European commercial property values rise for the fourth consecutive quarter.

European commercial real estate values edged higher in the second quarter of 2025, extending a run of quarterly gains that signals improving stability across the sector. Fresh analysis from Altus Group’s Pan-European dataset revealed that values rose 0.6% compared to the previous quarter, and are now 2.8% higher year-on-year.
The upward trend marks the fourth consecutive quarter of growth, suggesting that despite patchy macroeconomic conditions, market fundamentals are slowly regaining balance. Altus Group’s dataset tracks €29 billion of assets under management across 17 European countries, spanning offices, industrial, retail, residential and alternative real estate segments.
Phil Tily, senior vice president at Altus Group, described the steady rise as a sign of resilience: “Four consecutive quarters of valuation improvements are a clear sign that market fundamentals are stabilising across Europe. Despite mixed conditions, the CRE valuation trends point to a market regaining its footing and gearing up for the next phase of the cycle.”
Sector performance reveals shifting dynamics.
The residential sector once again led performance, with values up 0.9% in Q2. Stronger cashflow fundamentals underpinned the increase, even as yields rose. Industrial assets followed closely with a 0.8% gain, although cash flow appreciation slowed compared to earlier quarters.
Offices and retail, by contrast, remained subdued. Both sectors posted just 0.3% growth, highlighting the ongoing pressure from weak rental demand and rising costs. In retail, particularly, higher operating expenses offset limited gains in rents, restricting cash flow momentum. Still, the fact that values managed to nudge higher suggests that stabilisation is taking hold even in the most challenged segments.
Outside the core sectors, student accommodation stood out with a sharp 1.9% quarter-on-quarter increase, reflecting investor appetite for alternative property types that can provide more predictable income streams.

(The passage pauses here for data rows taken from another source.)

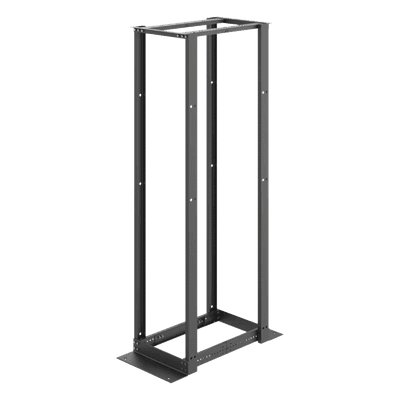 Rack Abierto de 4 Postes Estándar de 19 in / 45U / 2.13 m (7 ft) de Altura / Profundidad Ajustable 450-1050 mm (17.7-41.3 in) / Aluminio 6063-T6 / Rieles Roscados 12-24 / Negro RAL 9005
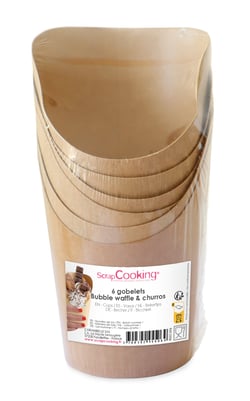 Lot de 6 gobelets bubble waffle & churros ScrapCooking® - 11,7 cm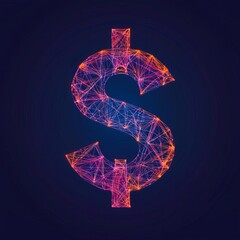 A glowing digital dollar sign illustration representing finance, technology, and investment concepts in a modern style.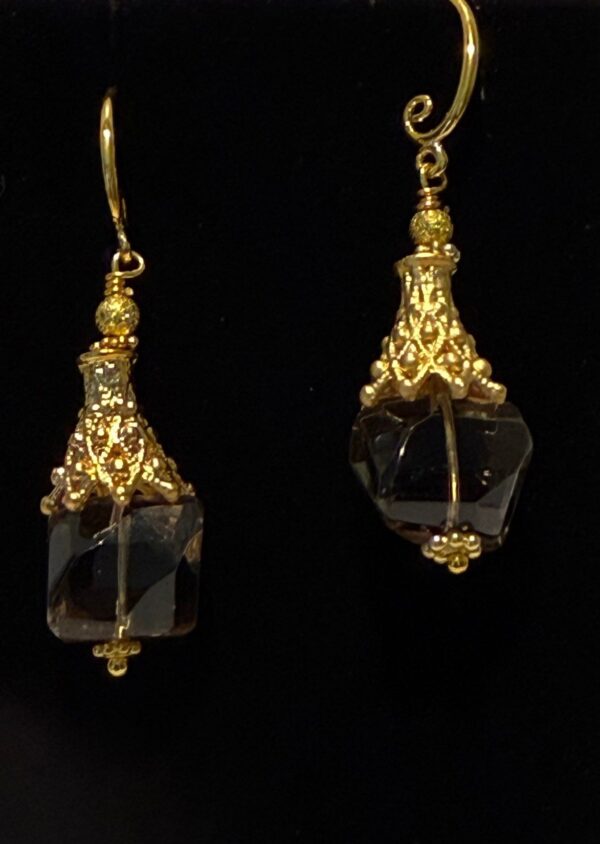 Smoky Quartz In Elegant Cones Crowed With Gold Bead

UK offices buck the continental trend.
Looking more closely at regional markets, Altus Group’s analysis showed UK offices outperforming their continental counterparts. Values in the UK office sector climbed 0.8% during Q2, compared to a European office average of 0.3%. That rise was attributed to favourable yields and ongoing rental growth, which helped sustain investor confidence.

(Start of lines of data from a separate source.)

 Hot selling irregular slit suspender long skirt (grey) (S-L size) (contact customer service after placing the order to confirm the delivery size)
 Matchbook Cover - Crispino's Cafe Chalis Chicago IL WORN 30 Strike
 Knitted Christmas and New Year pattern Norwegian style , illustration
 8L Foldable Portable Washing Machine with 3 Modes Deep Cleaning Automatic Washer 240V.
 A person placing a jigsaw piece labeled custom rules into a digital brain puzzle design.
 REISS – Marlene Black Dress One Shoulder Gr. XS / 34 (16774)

Year-on-year, however, UK office values were broadly flat, while some continental markets lagged behind. German offices slipped 0.6% over the year, while the Netherlands recorded a steeper decline of 1.5%. France was the exception, posting an impressive 6.8% annual rise in office values.
Even so, UK offices remain under structural pressure. Over the past three years, valuations have dropped around 7%, underscoring the challenges posed by shifting occupier demand and higher vacancy rates.

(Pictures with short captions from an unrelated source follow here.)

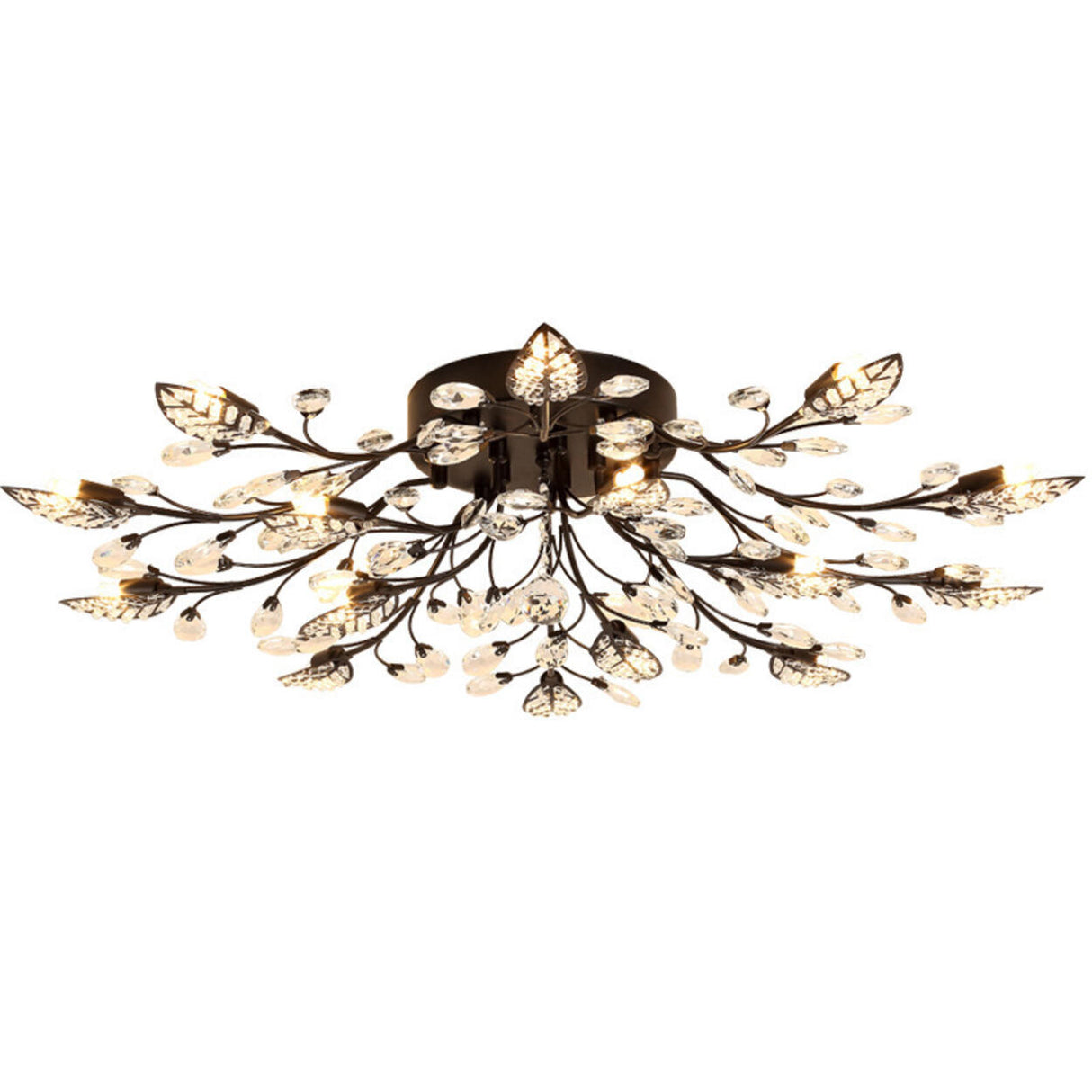 Large Gold Leaf Crystal Semi-Flush Mount Ceiling Light Image - 5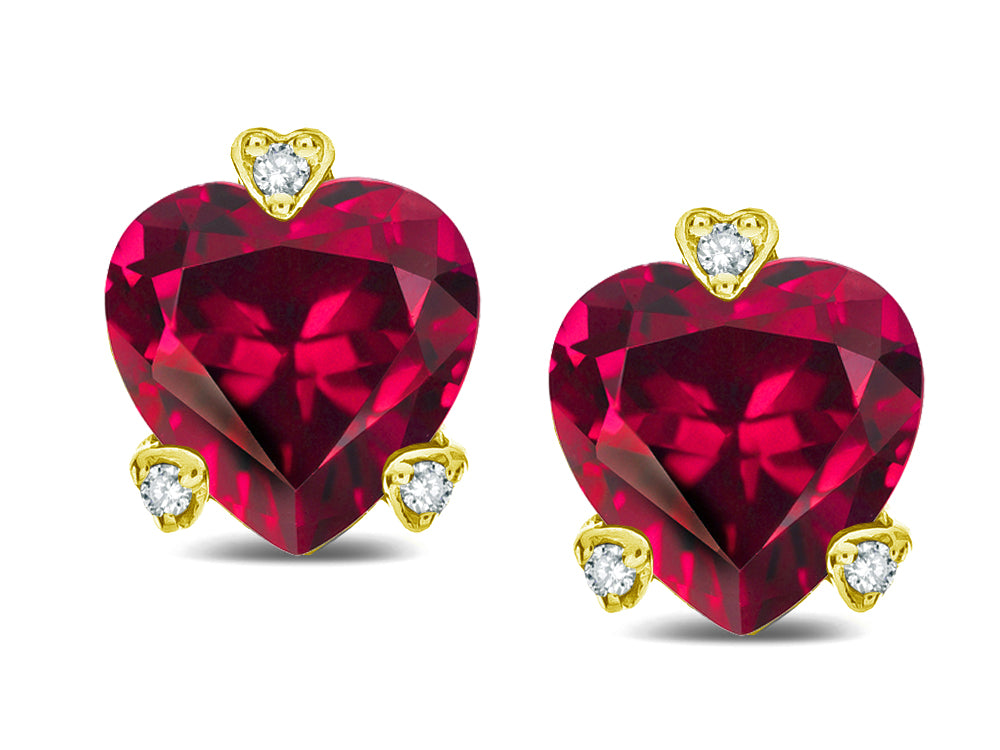 Tommaso Design™ Heart Shape 6mm Created Ruby and Rough s Love Earrings Studs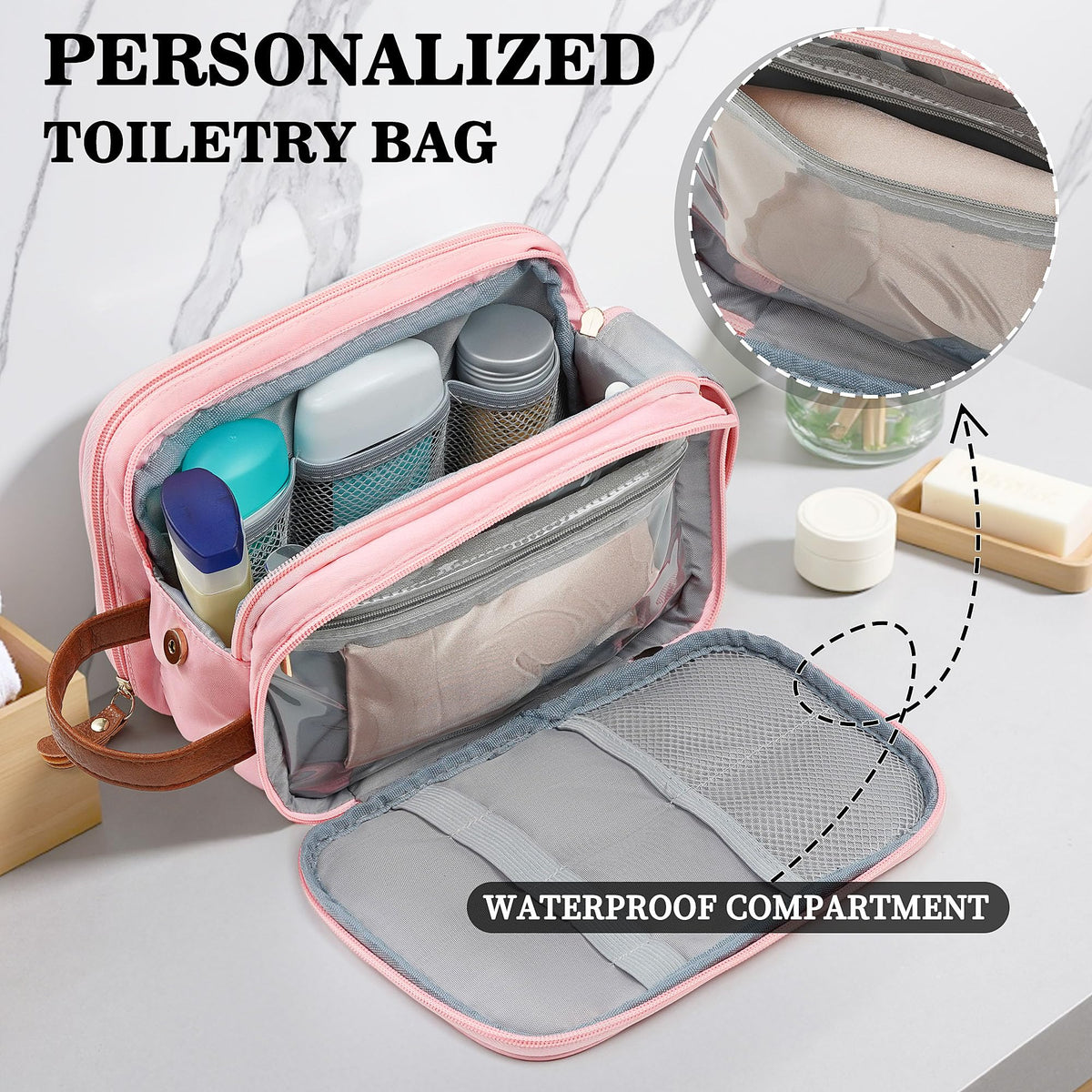 YOOLIFE mesh pocket and elastic strap organize toothbrushes neatly.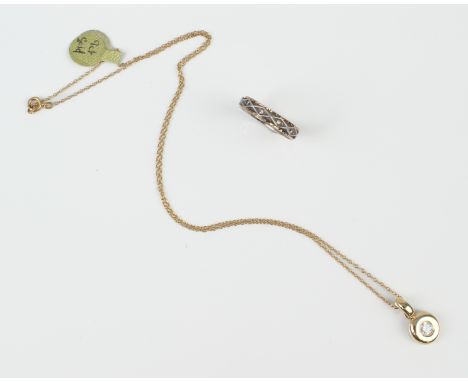A gold plated and white stone halo pendant, on a 9ct gold cable link chain - together with a vintage 9ct gold, silver and whi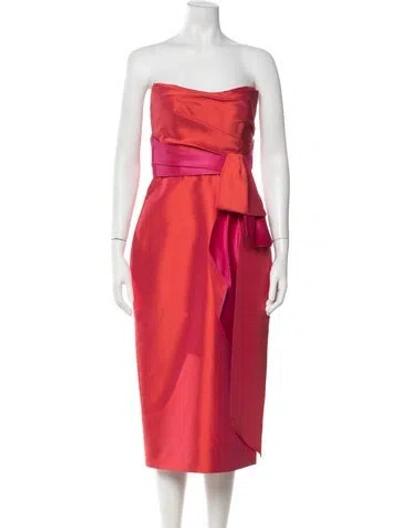 Pre-owned Amsale Strapless Midi Length Dress In Orange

Outlook and investor sentiment
Although growth slowed compared with earlier quarters, the 0.5% increase in cash flows was the lowest in a year; the broader picture is one of cautious optimism. Lower interest rates and tighter yields are helping to underpin values, and investor sentiment has become more positive as evidence mounts that the market may be entering a recovery phase.
For lenders, brokers and advisers, these incremental gains offer reassurance. As one industry observer noted, commercial real estate valuation services will welcome this news as they help clients navigate a market where prime assets continue to hold up better than secondary stock.
With the gap between stronger-performing sectors such as residential and weaker ones like retail becoming more pronounced, opportunities are emerging for investors willing to take a selective approach. After several years of uncertainty, four straight quarters of growth point to a European real estate market that may finally be stabilising and preparing for its next cycle.